Set down each entry below exactly as written, keeping the pictures out.
[[ ENTRIES SUPPLIED, beginning ]]
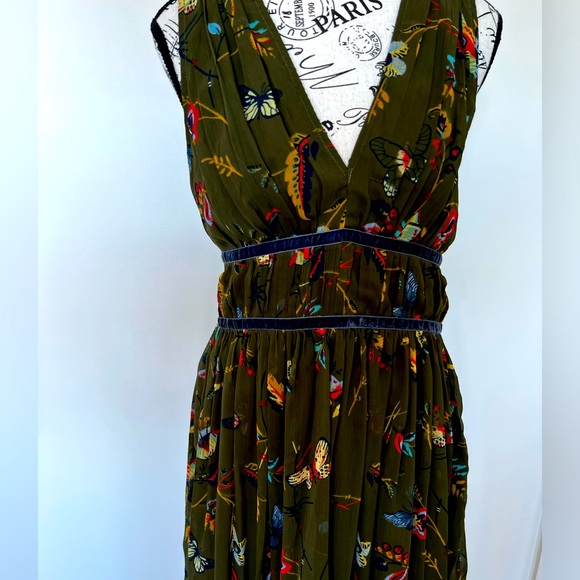 Abercrombie & Fitch Olive Butterfly Dress - Picture 2 of 6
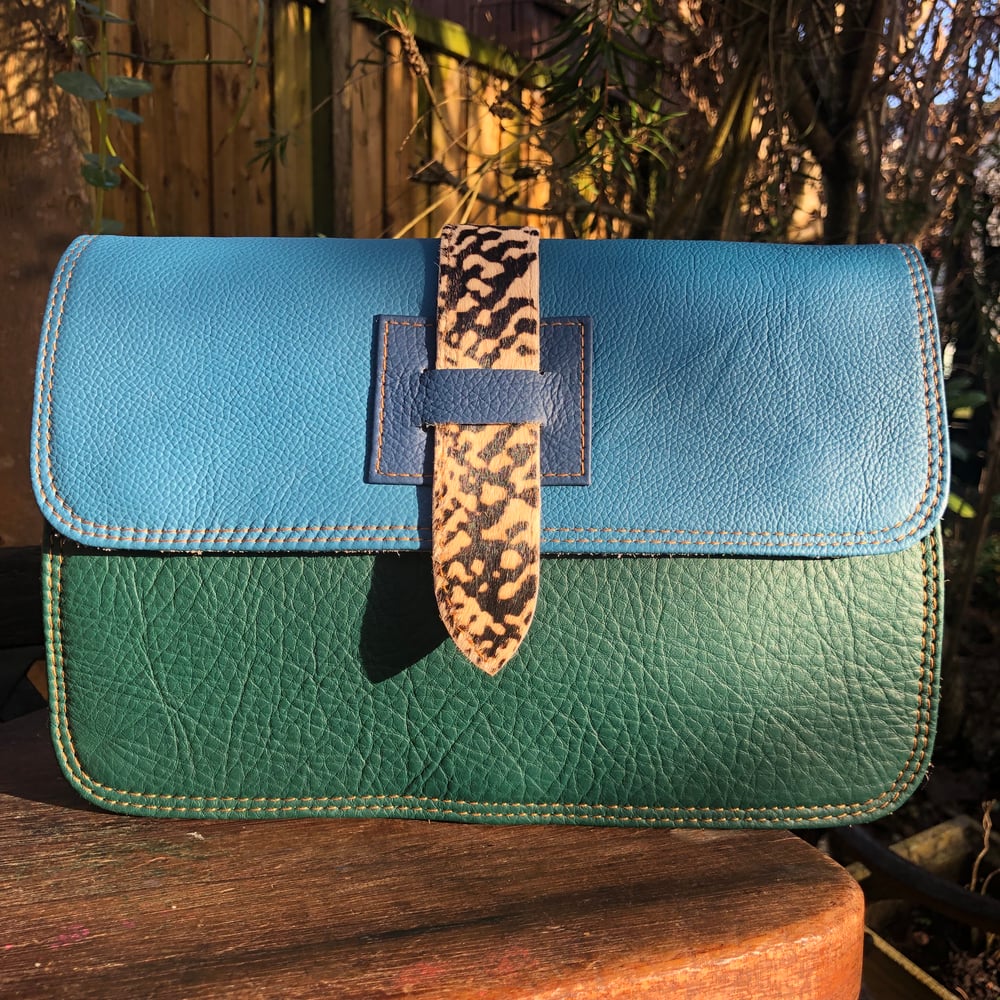 Image of Harlequin Collection - Recycled leather clutch/crossbody Two Ways #4B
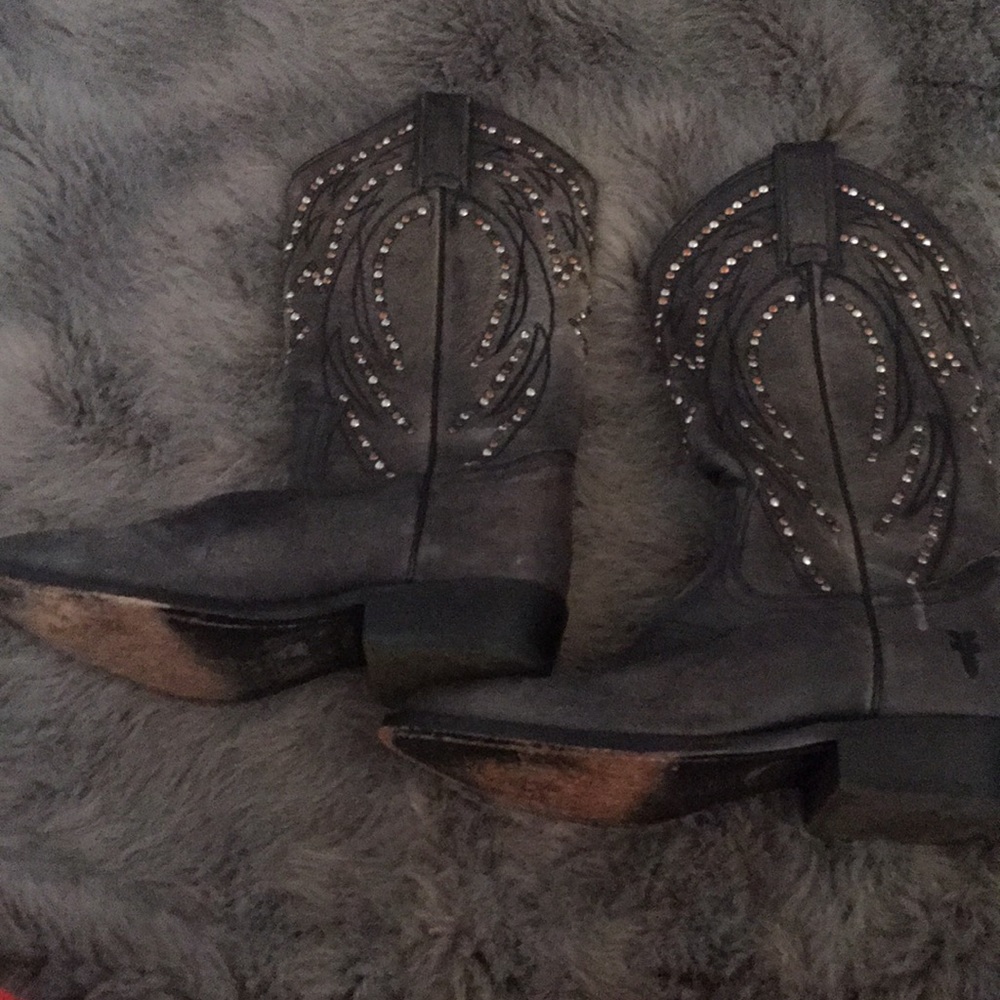 Used grey black studded Frye boots size 7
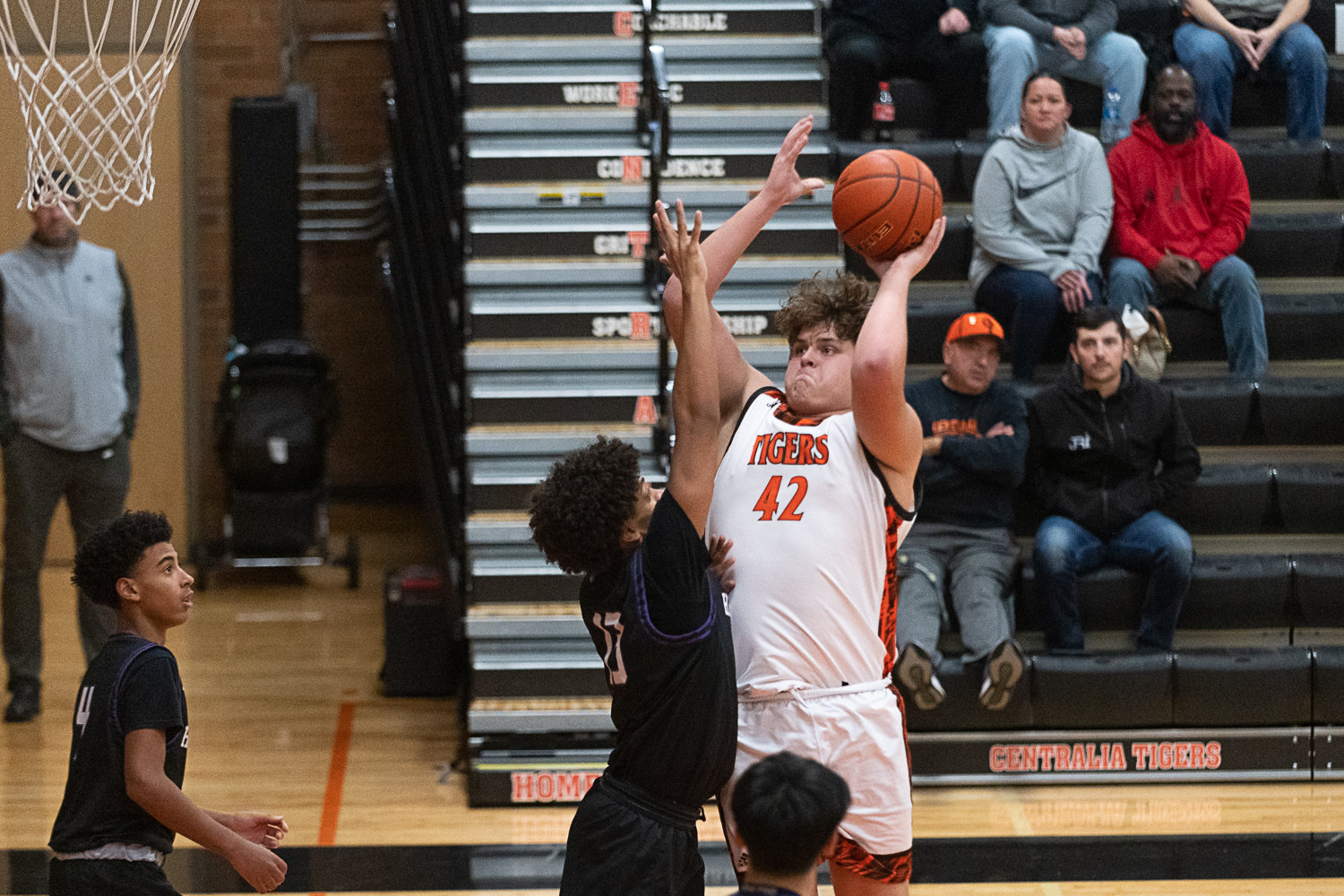 David Daarud puts up a shot in the post during Centralia's 56-34 loss to Heritage on Dec. 2.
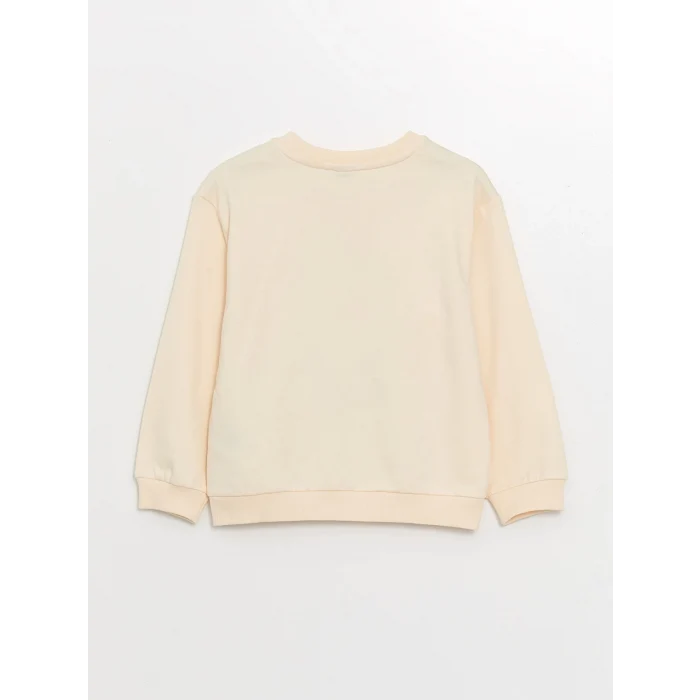 LCW Kids Bej Bisiklet Yaka Baskılı Uzun Kollu Kız Çocuk Sweatshirt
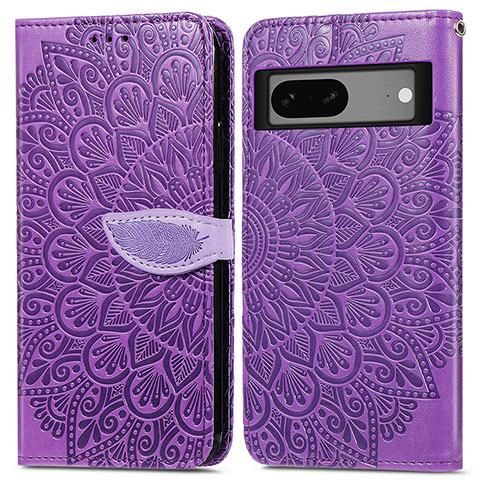 Coque Portefeuille Motif Fantaisie Livre Cuir Etui Clapet S04D pour Google Pixel 7 5G Violet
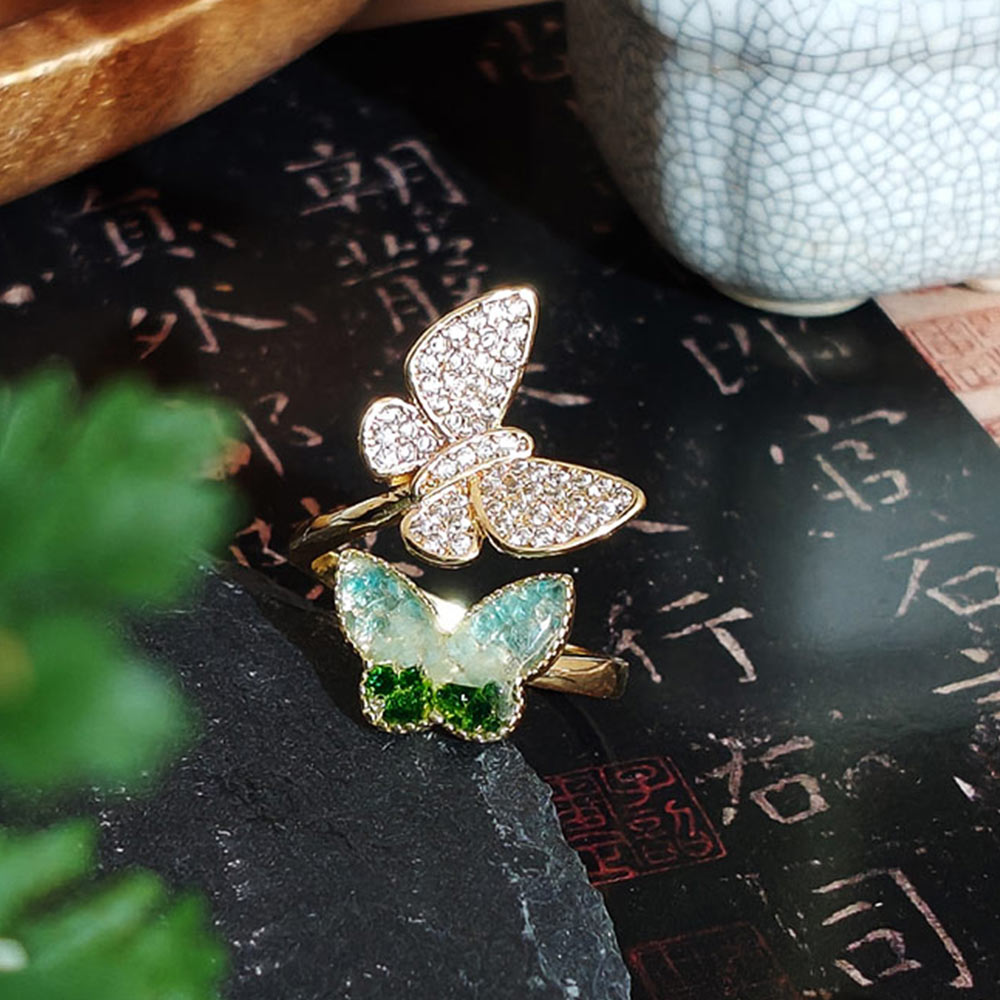 Color Stone Inlay Light Green Gradient Butterfly Ring – C Style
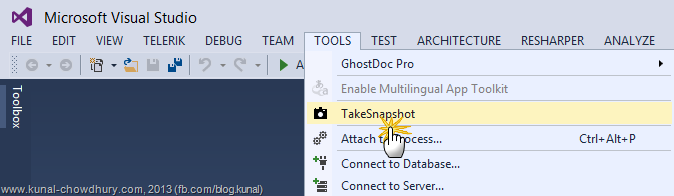 How to take Snapshot manually using the Auto History Extension in Visual Studio 2013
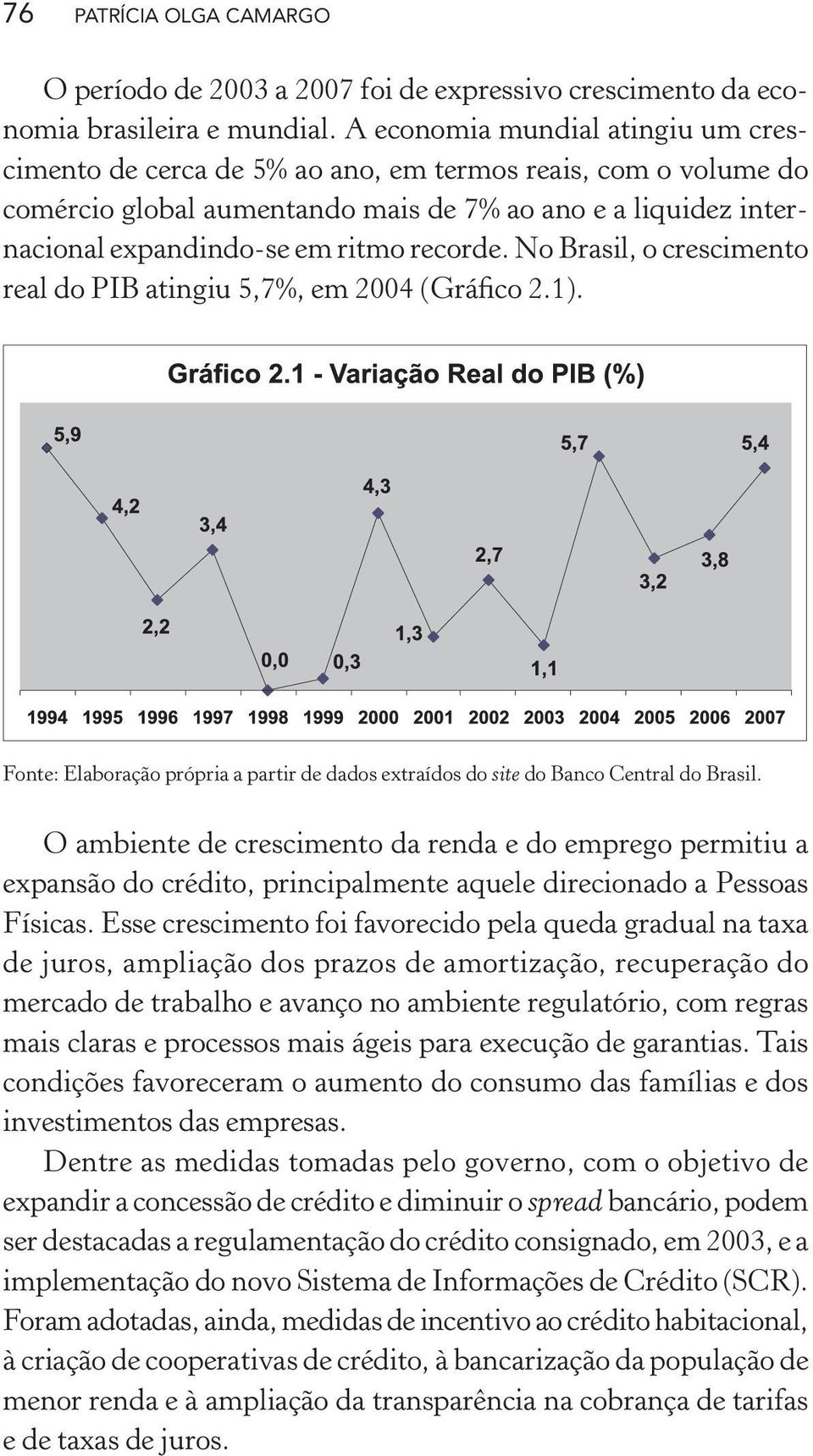 recorde. No Brasil, o crescimento real do PIB atingiu 5,7%, em 2004 (Gráfico 2.1). Fonte: Elaboração própria a partir de dados extraídos do site do Banco Central do Brasil.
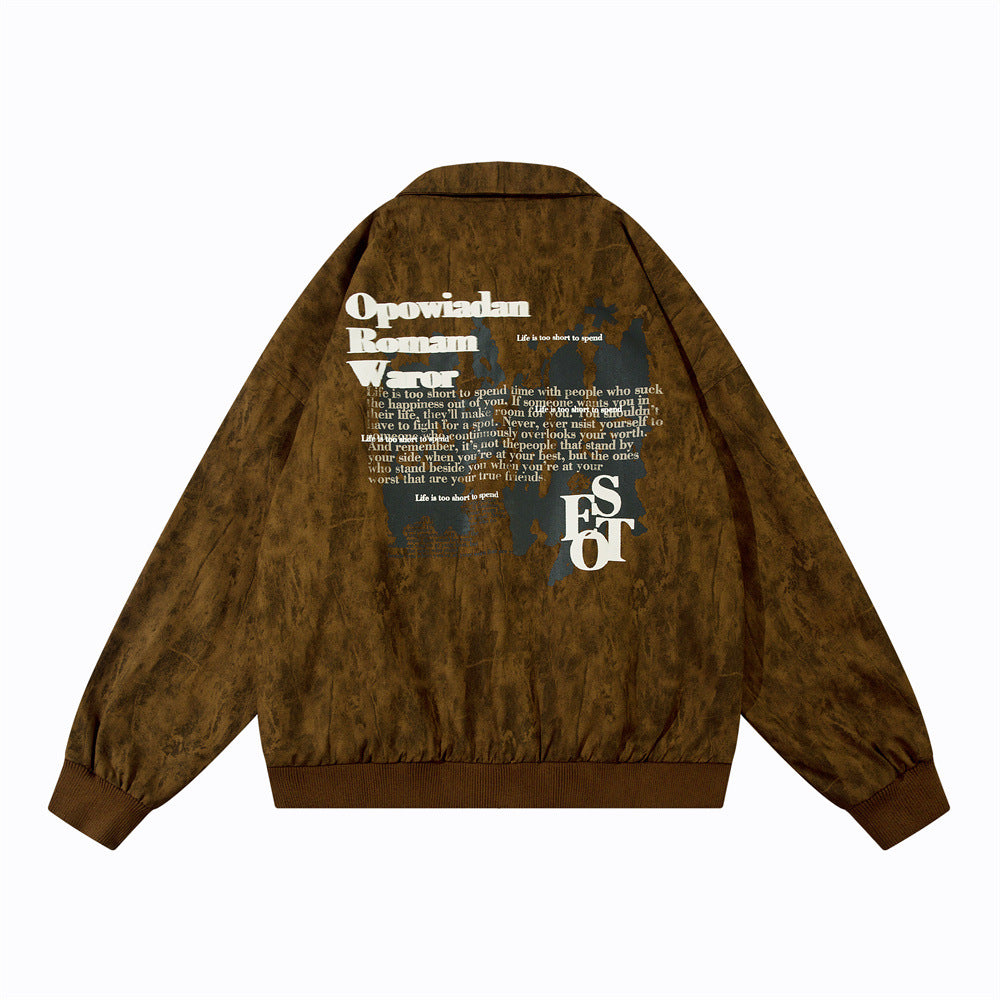 Dark Depressed Printed Loose Jacket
[[ ENTRIES SUPPLIED, end ]]
## YOUR RESPONSE
 Abercrombie & Fitch Olive Butterfly Dress - Picture 2 of 6
 Image of Harlequin Collection - Recycled leather clutch/crossbody Two Ways #4B
 Used grey black studded Frye boots size 7
 David Daarud puts up a shot in the post during Centralia's 56-34 loss to Heritage on Dec. 2.
 LCW Kids Bej Bisiklet Yaka Baskılı Uzun Kollu Kız Çocuk Sweatshirt
 Coque Portefeuille Motif Fantaisie Livre Cuir Etui Clapet S04D pour Google Pixel 7 5G Violet
 Color Stone Inlay Light Green Gradient Butterfly Ring – C Style
 How to take Snapshot manually using the Auto History Extension in Visual Studio 2013
 recorde. No Brasil, o crescimento real do PIB atingiu 5,7%, em 2004 (Gráfico 2.1). Fonte: Elaboração própria a partir de dados extraídos do site do Banco Central do Brasil.
 Dark Depressed Printed Loose Jacket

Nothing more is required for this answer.